Dass Olympische Spiele mit einem Minus auf dem Konto des IOC enden könnten, ist ausgeschlossen. Denn genau wie der Weltfußballverband Fifa lässt sich auch das IOC von der jeweiligen Regierung eine Garantie dafür geben, dass alle Defizite von den austragenden Ländern übernommen werden.
Genau daran muss sich nach Meinung von Sportökonom Maennig etwas ändern. Um das Interesse von Städten an der Ausrichtung von Olympischen Spielen wiederzubeleben, müsse das IOC nicht nur seine Anforderungen zurückschrauben, sondern auch seine Zuschüsse an das jeweilige lokale Organisationskomitee erhöhen.
Mehr Geld vom IOC
"Wir haben einen Punkt erreicht, an dem man sich fragen könnte, ob es nicht sinnvoll wäre, dass das IOC sagt, das Olympiastadion mit 20.000 Zuschauern, das Ihr braucht, das finanzieren wir Euch. Das ist unser Geschenk an die Ausrichterstadt. Das müsste meines Erachtens möglich sein."
Ein kleines Geschenk haben die Cariocas, wie sich die Einwohner Rios nennen, aufgrund der Olympischen Spiele bereits erhalten. Nach einer Studie des Forschungsinstituts "Fundação Getúlio Vargas" stieg das Pro-Kopf-Einkommen in der Metropole zwischen 2008 und 2016 um 30 Prozent - von umgerechnet 415 Euro auf 541 Euro im Monat.

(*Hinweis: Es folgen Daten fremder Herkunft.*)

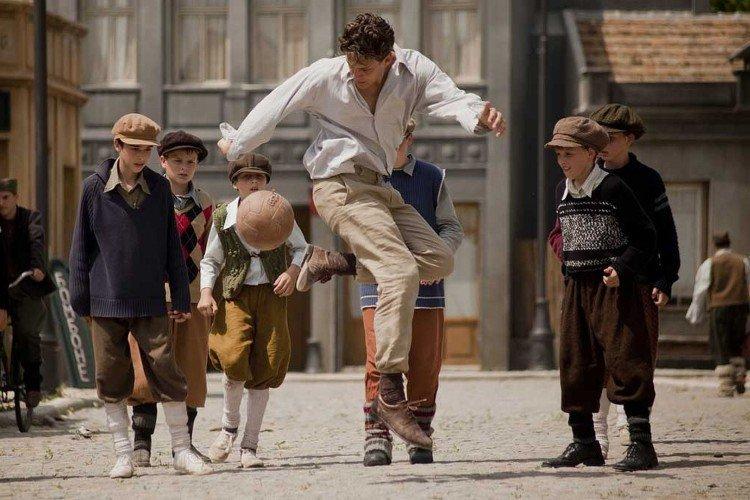 Montevideo Divine Vision - Meilleurs films de football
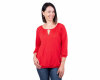 Schnittmuster Shirt & Bluse CARMEN, pattydoo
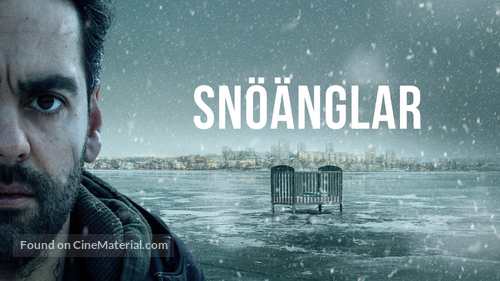 &quot;Sn&ouml;&auml;nglar&quot; - Swedish Movie Cover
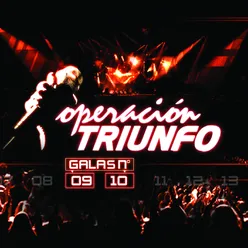 Operación Triunfo-OT Galas 9 - 10 / 2006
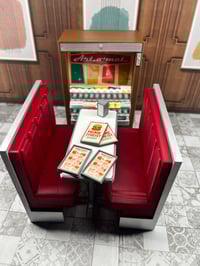 Deluxe Diner Set 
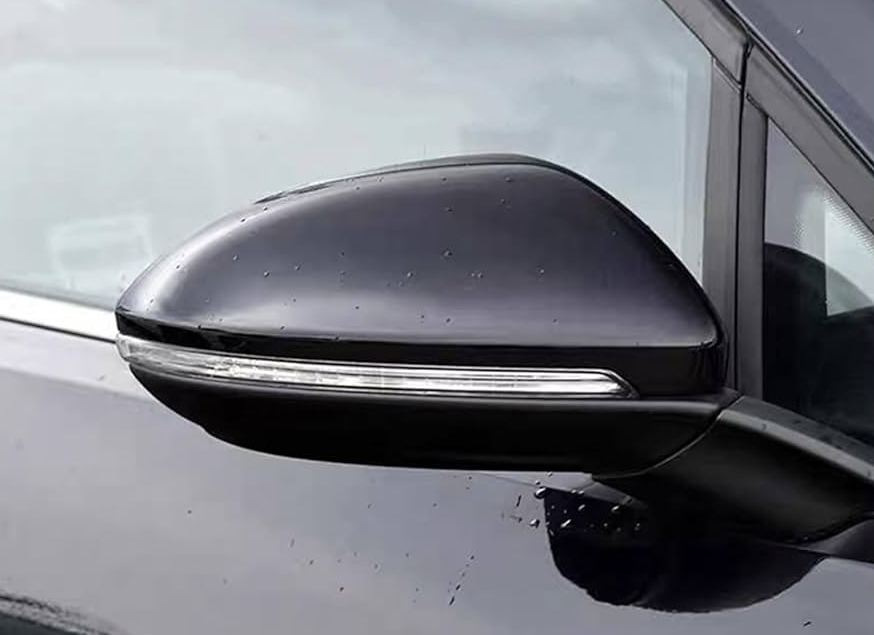 Car side mirrors: how to protect them from damage?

Im Rest des Landes lag die Rate bei 19,6 Prozent.
"Die Olympischen Spiele halten die Wirtschaft in Rio am Laufen", erklärt Ökonom Marcelo Neri von der "Fundação Getúlio Vargas". Während in den umliegenden 18 Gemeinden der Metropole das Einkommen wegen der brasilianischen Wirtschaftskrise stagniere, hielte in Rio das Wachstum an.
Eine Motivation für Rom, Paris, Budapest oder Los Angelos, die sich für die Olympischen Spiele 2024 bewerben? Für Hamburg, das sich in einer Volksabstimmung gegen die Bewerbung entschied, war es dies offensichtlich nicht.